* YOUR GOAL: Retype, without pictures, the line holding "RARE - WUNDERSCHÖNES" and each line below it through the final line.

* GIVEN DATA:
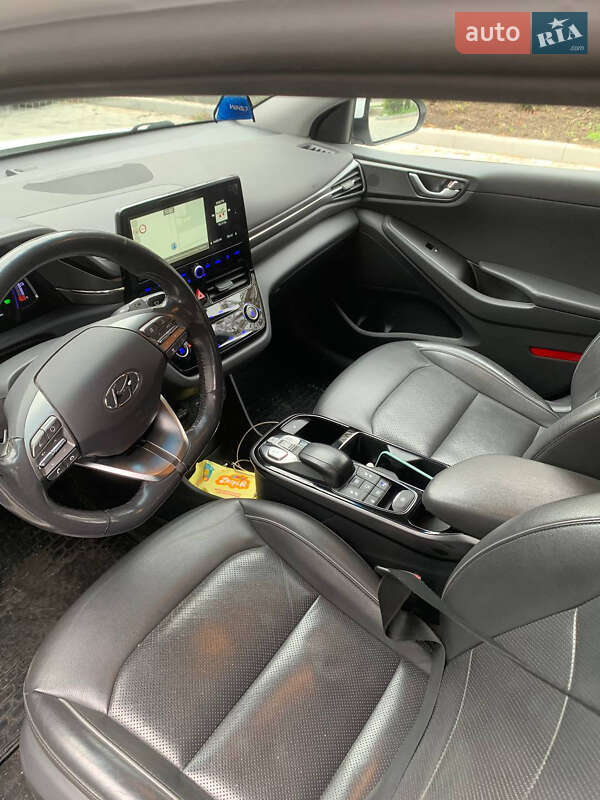 Лифтбек Hyundai Ioniq 2020 в Ровно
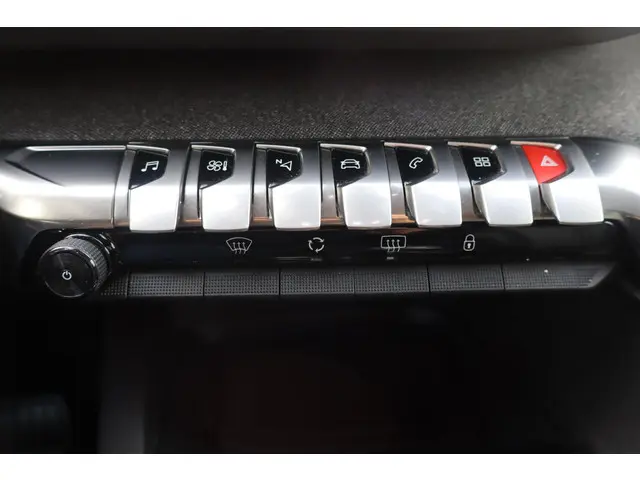 Peugeot 3008 1.2 PureTech Crossway 2020 Benzine 31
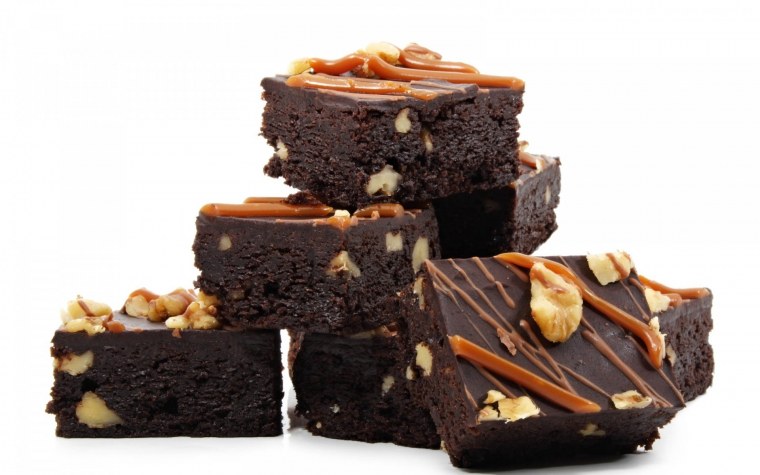 Пирожные на белом фоне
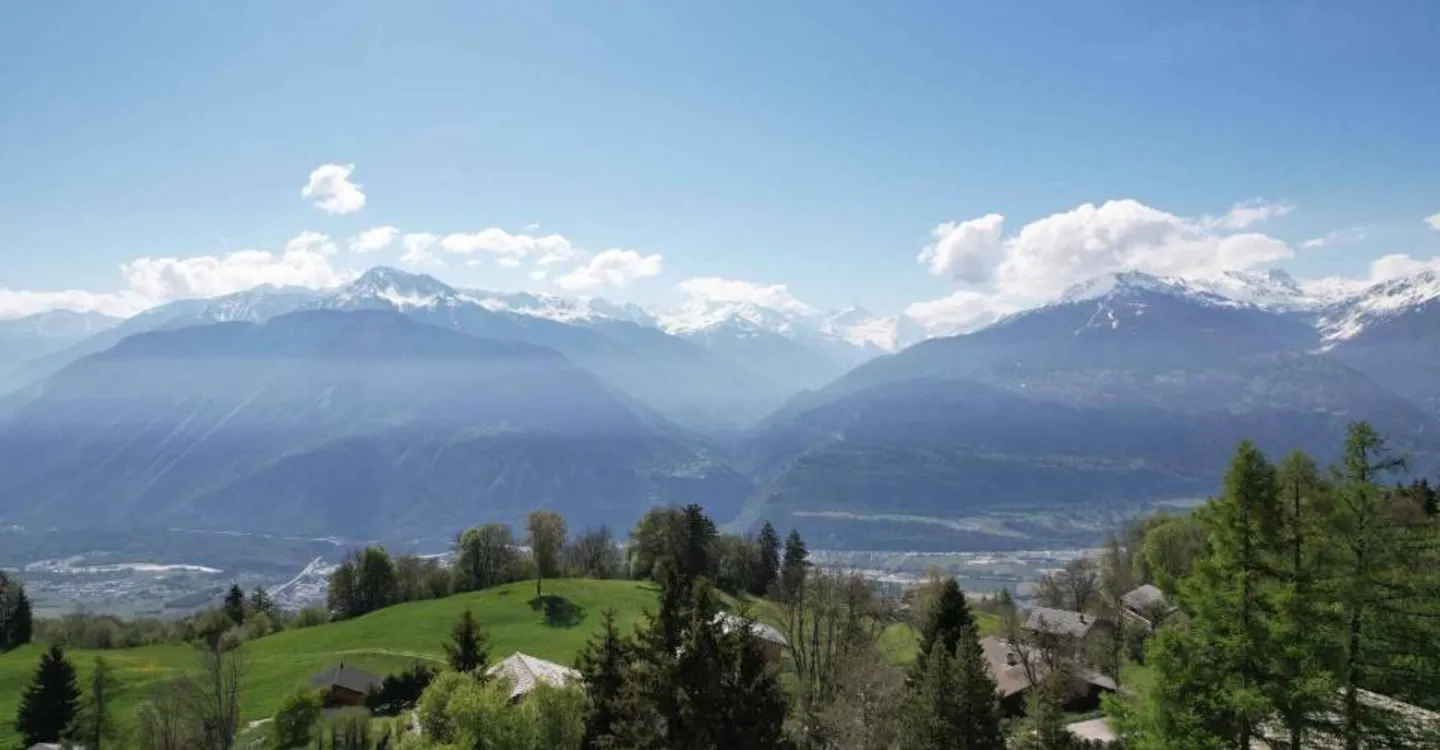 RARE - WUNDERSCHÖNES CHALET MIT 5 SCHLAFZIMMERN UND PANORAMABLICK - Foto 1 von 9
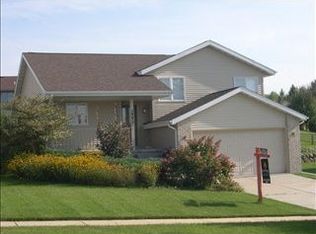 5905 Red Oak Trl, Mc Farland, WI 53558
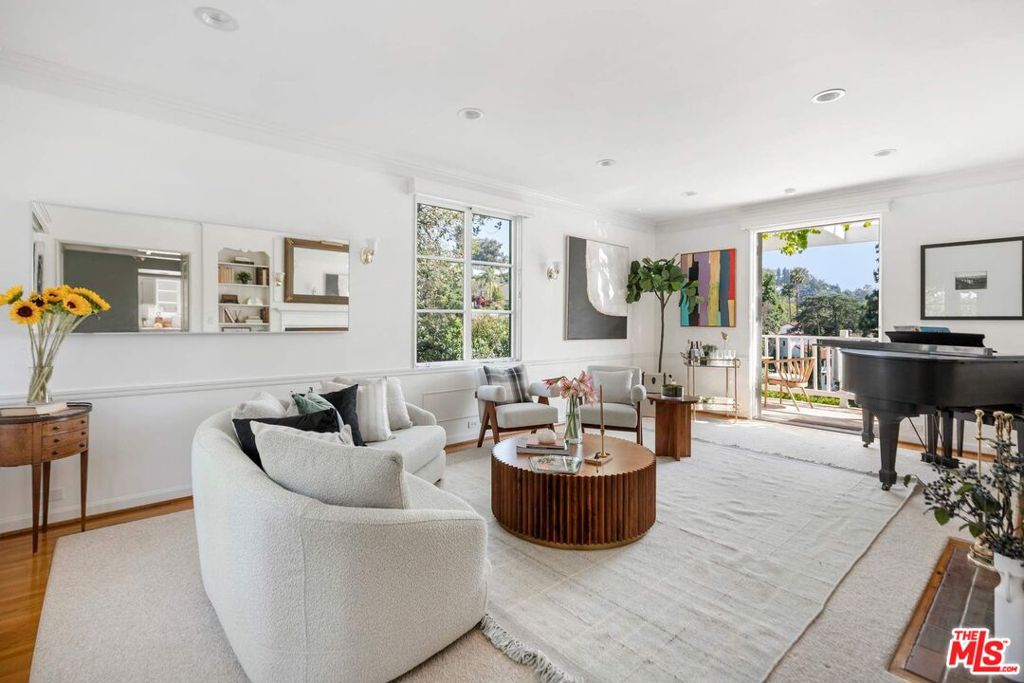 2379 Panorama Terrace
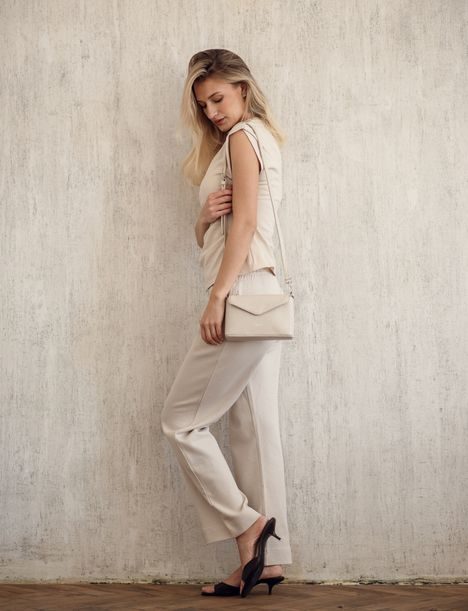 Leyra Grace Beige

* SOLUTION BELOW:
 RARE - WUNDERSCHÖNES CHALET MIT 5 SCHLAFZIMMERN UND PANORAMABLICK - Foto 1 von 9
 5905 Red Oak Trl, Mc Farland, WI 53558
 2379 Panorama Terrace
 Leyra Grace Beige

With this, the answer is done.